And this is what recently happened in Singapore.

VV Technology, a Singaporean technology startup, applied for a trademark registration in 2018. The start-up mark consisted of a flying bird, with an eye, pictured from its side. The Singaporean startup planned to use the trademark for a mobile application for online shopping and food delivery services.

Without any delay, the American social media platform opposed the said application citing the logo's similarity to its own well-known trademark.

From their side, VV Technology claimed that mobile app users are "digital natives" which would not be confused by the two similar bird trademarks.

On March 11th 2022, the Singaporean Trademark Office ruled in favor of the American giant. According to its decision, the trademark application shall be rejected.

On one hand, Twitter logo's reputation will reduce the likelihood that the public will be confused by the two marks because the world wide's reputation of Twitter will hardly be affected by a small startup company and therefore, the consumers won't likely to mistake them.

Nevertheless, the Office also report that it may still be possible to see the risk of misleading for the consumers since the two marks may make them believe that there is some kind of economic link between the two companies.

Consequently, the Singaporean Trademark Office rejected the startup application declaring the concept similarity between the marks, the application of the startup shall be rejected.

So, which are the requirements to be met for the opposition to be accepted?

On one side, the similarity between the specimens, which, as a matter of fact, plays a fundamental role when it comes to examine the substation of a filed opposition. Secondly the similarity between the goods and the services sold by the opponents.

As usual in many countries in the world, the ultimate parameter is the likelihood of confusion by the relevant public, as stated by the Art. 8 (2) "A trade mark must not be registered if, because (b)it is similar to an earlier trade mark and is to be registered for goods or services identical with or similar to those for which the earlier trade mark is protected, there exists a likelihood of confusion on the part of the public".

The decision raised not only few concerns by the IP experts.

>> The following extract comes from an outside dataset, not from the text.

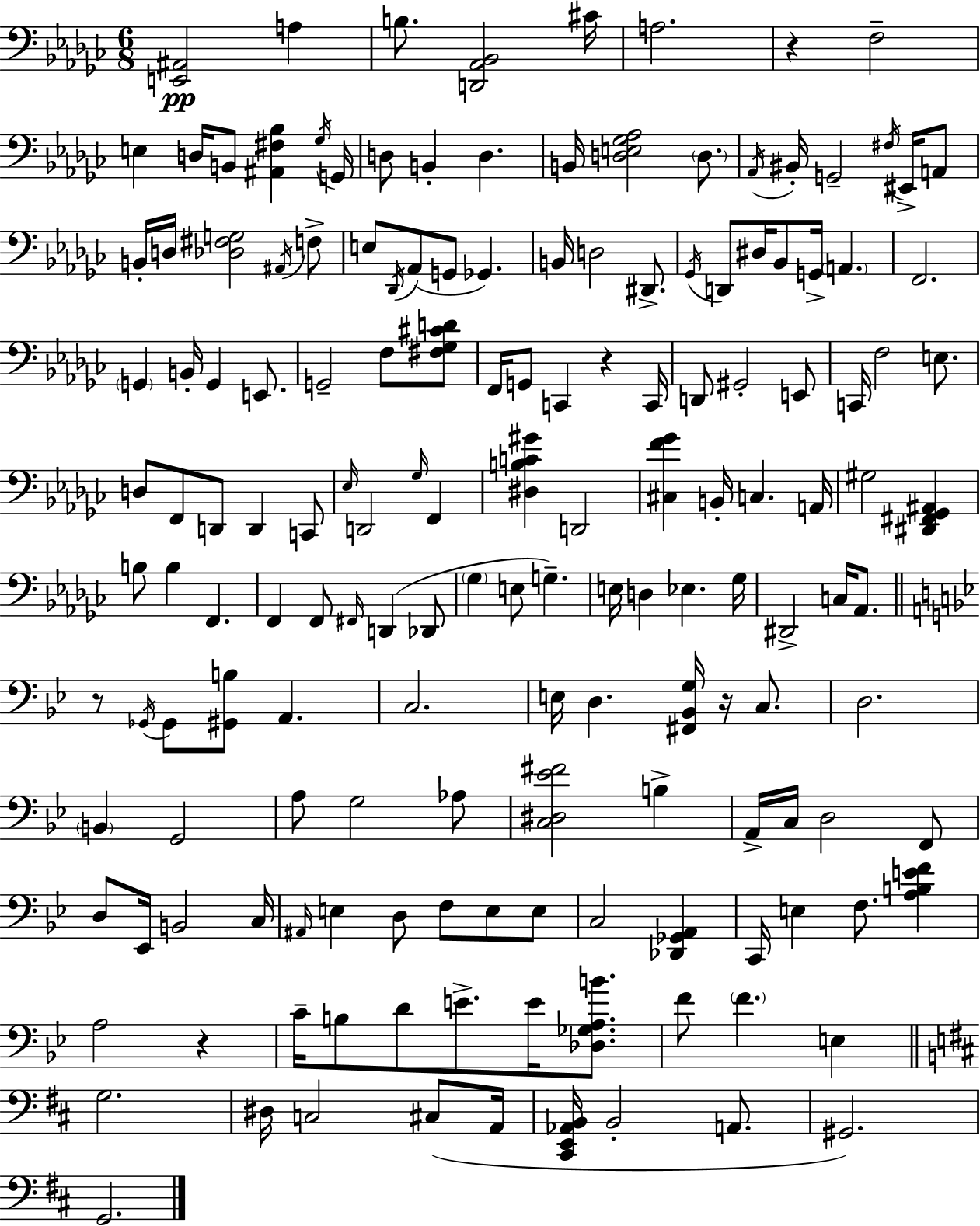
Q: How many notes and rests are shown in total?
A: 159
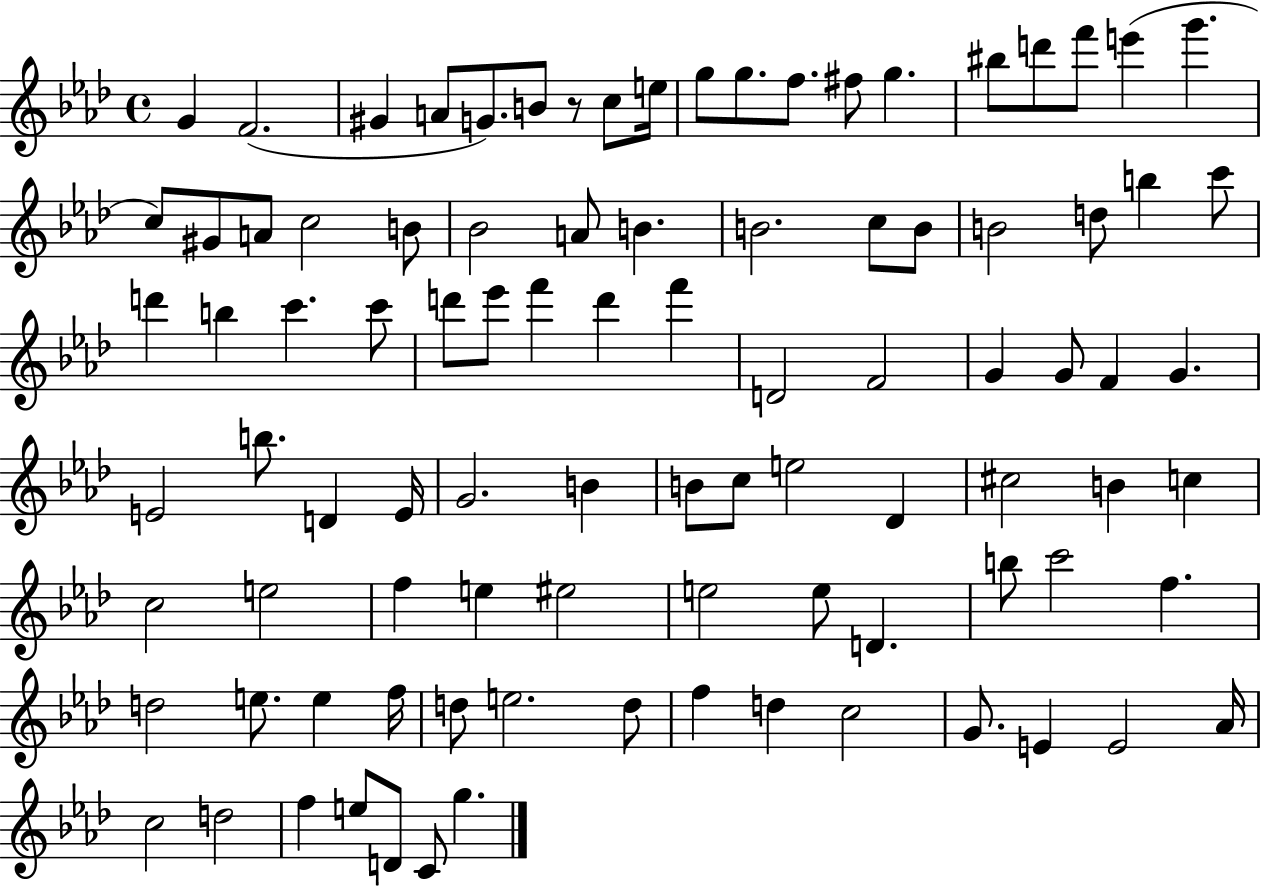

Notwithstanding the argument adopted by the Trademark Office seems in line with the provision of the Law, it has been said that the concept of 'likelihood of confusion,' has been too widely interpretated, considering that the concept shall be interpretated as "belief of consumers that the services are emanate from the same source", which was not the actual case.

What is probably out of question, is that the case shows how in Singapore, startups and young entrepreneurs are still living under the low awareness of how effectively manage IP rights and avoid to be involved in Trademark disputes. However, the clue of the IP concept is slowly making its way... so we believe that there is still a room to .... Fly high!